In that case the TE uses the initialization message to request the
adaptive synchronization type for use, the synchronization type
being provided with a specific Alert code in the SyncML standard.
If the S supports adaptive synchronization, the routine may proceed
according to steps 402-408 described above to select the selection
data sets in the synchronization client device TE and the
synchronization server S. When the TE has determined the selection
data set, it sends the modifications (Client Modifications) that
have taken place since the last synchronization session to the
synchronization server S. The TE may also send additional
requirements relating to the determining of the selection data set,
for example that a particular data unit must be included in the
set, which the server S must take into account when selecting the
selection data set. TE preferences and other data relating to
adaptive synchronization may be transmitted in a Meta element and
in an EMI field, for example. The S selects (402-408) its selection
data set in a similar manner. The server S preferably carries out
the selection such that at least the data unit modifications sent
by the TE are taken into account. Alternatively, it is possible
that the S informs the terminal TE about the selection data set it
has selected prior to the synchronization. This, however, causes
increased delay and adds to the amount of data to be
transferred.
[0038] The S harmonizes the data units in the selection data set it
has selected on the basis of the modifications sent by the TE and
those made into the database (DB) synchronized by the server S.
After the harmonization, the S sends the modifications (Server
Modifications) that have taken place in the selection data set
since the last synchronization session to the TE. On the basis of
the modifications, the TE modifies the data units in its memory
MEM. According to an embodiment, the TE may send information about
the initial data set and other preferences, if any, during the
initialization to the server S, which selects the selection data
set on the basis of the metadata and the initial data set.
[0039] FIG. 5 shows a method according to a second preferred
embodiment of the invention in which the metadata can be used also
for excluding data units of the initial data set. Metadata, which
can be updated in the above described manner and which comprises
relevance and utility information, is collected 501 into the
system. The relevance and utility values of the data units can be
changed, even if the data units concerned were in the initial data
set. When a need arises to carry out synchronization, an initial
data set is determined 502. Next, at least metadata associated with
the initial data units of the initial data set are retrieved 503,
i.e. the links between the initial data units are defined.

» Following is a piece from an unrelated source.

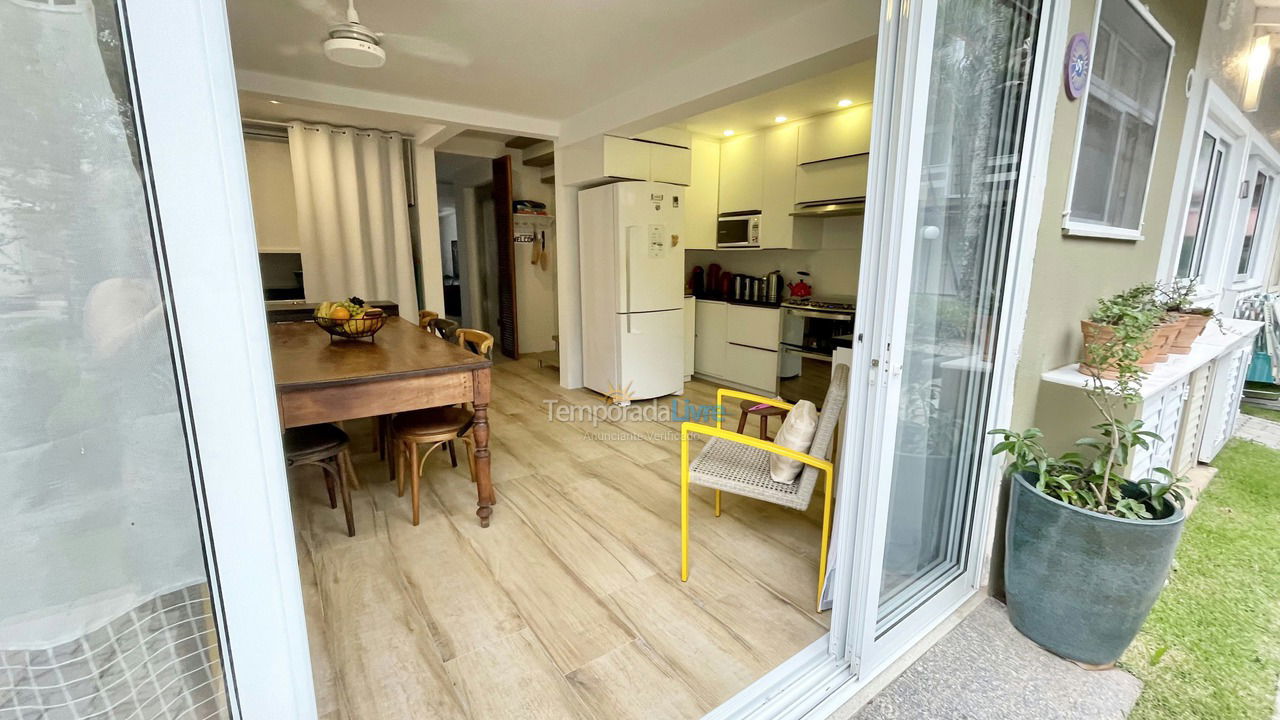House for vacation rental in Florianópolis (Jurere Tradicional)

[0040] The importance of the initial data units with regard to
other initial data units is calculated 504. This can be achieved
experimentally by removing one data unit at a time from the first
data set and by determining, on the basis of the metadata, the
expected gained utility value to be obtained if a data unit is
added. The expected gained utility values calculated for each
initial data unit are compared 505. The initial data unit with the
highest expected gained utility value is added 506 to the selection
data set. When a new initial data unit is added to the selection
data set, the routine checks 507 whether the end criterion
determined into the data system in advance is met. The end
criterion may be for example the maximum size set for the data to
be synchronized, the number of the initial data units, or the
non-attainment of the minimum value set for the expected gained
utility value. If the end criterion is not met, the routine
proceeds by adding 506 the new initial data unit to the selection
data set. When the end criterion is met, the initial data units in
the selection data set can be synchronized 508. This allows the
least relevant initial data units to be removed from the initial
data set.
[0041] The embodiment of FIG. 5 provides an advantage in that it
allows initial data units that have typically been determined in
the initial data set on a relatively permanent basis to be placed
into an order of relevance and only the most relevant initial data
units to be synchronized. The functions shown in FIGS. 4 and 5 can
also be combined, in which case the remaining initial data units
are considered to provide the initial data set (step 402) and thus
instead of entering step 508, the routine may proceed through step
403 to assess the relevance of the data units related to the
initial data units.
[0042] The user's action can be monitored and the metadata updated
501 on the basis of the use of a data unit. For example, the
terminal TE may be arranged to monitor the use of audio data files
stored in the terminal. When an audio data file has been played, it
can be marked for removal, added to the initial data set and
replaced by a new audio data file in the next synchronization
session. This can also be achieved by changing the relevance and/or
utility value to indicate that it is relevant to synchronize an
audio data file marked for removal by the audio application.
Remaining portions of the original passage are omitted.